In the resouce_exists I check if a specific record exists in the ETS table. But if we get the index (the list of all objects) we don’t have such id and we don’t need such a check. If I check the existence of an object, I can cache the object, since it is very probable that I need to fetch that object again. I am caching it in the rest FSM state which will be freed after the rest request is terminated, served.

In the handle_req I split the two cases: fetching the index or fetching a specific object. In the handle_in we could get here if the request is a POST or PUT. So I get the body of the request, decode the JSON there with Poision. It gives back a map, so I can build my tuple which I store in the ETS table. Here we can give back true in case of generating a 204 NO CONTENT, or {true, url} to generate a 200 OK with body content.

In the allow_missing_post by giving back false we say that we don’t want clients to send POST requests to non-existing resource. So POST / is allowed, and a key will be generated, but POST /99 is not allowed if product with id 99 doesn’t exist. In the delete_resource we are covering the DELETE method.

From the flowchart you can see how for example a DELETE request can be handled in detail. Like if the object to be deleted, changed since we fetched the object, with the if-match header we can check if the request has the same Etag, etc. So we have a tons of choices to fully exploit the cowboy rest handlers.

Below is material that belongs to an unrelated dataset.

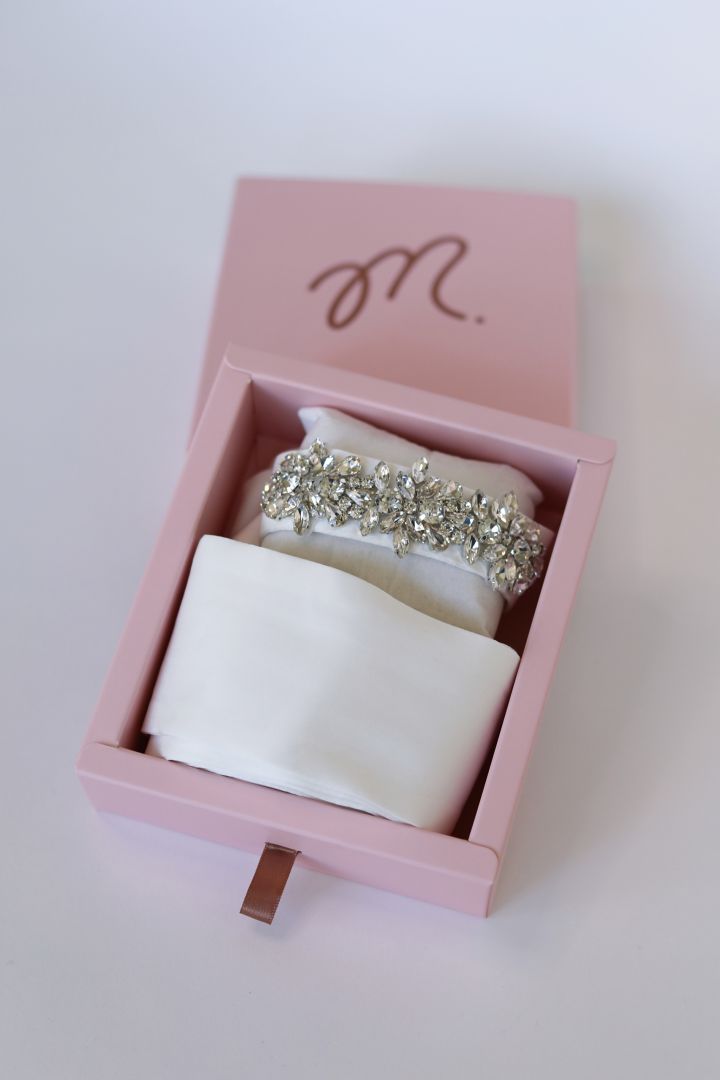 Brautkleid Schärpe mit Blumenverzierung elfenbein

For testing I use the Advanced REST Client Google Chrome extension. I records my http requests, so from the history I can easily replay them.

Future changes

If you see a very recent version of cowboy, you can see that several thing will be changed. For example rest_init and rest_terminate are removed, and init/3 is init/2 and the function returns are refactored too. Probably we will cover the changes later, but since this is the newer version of cowboy from hex.pm we can safely use this version (1.0.4 at the moment).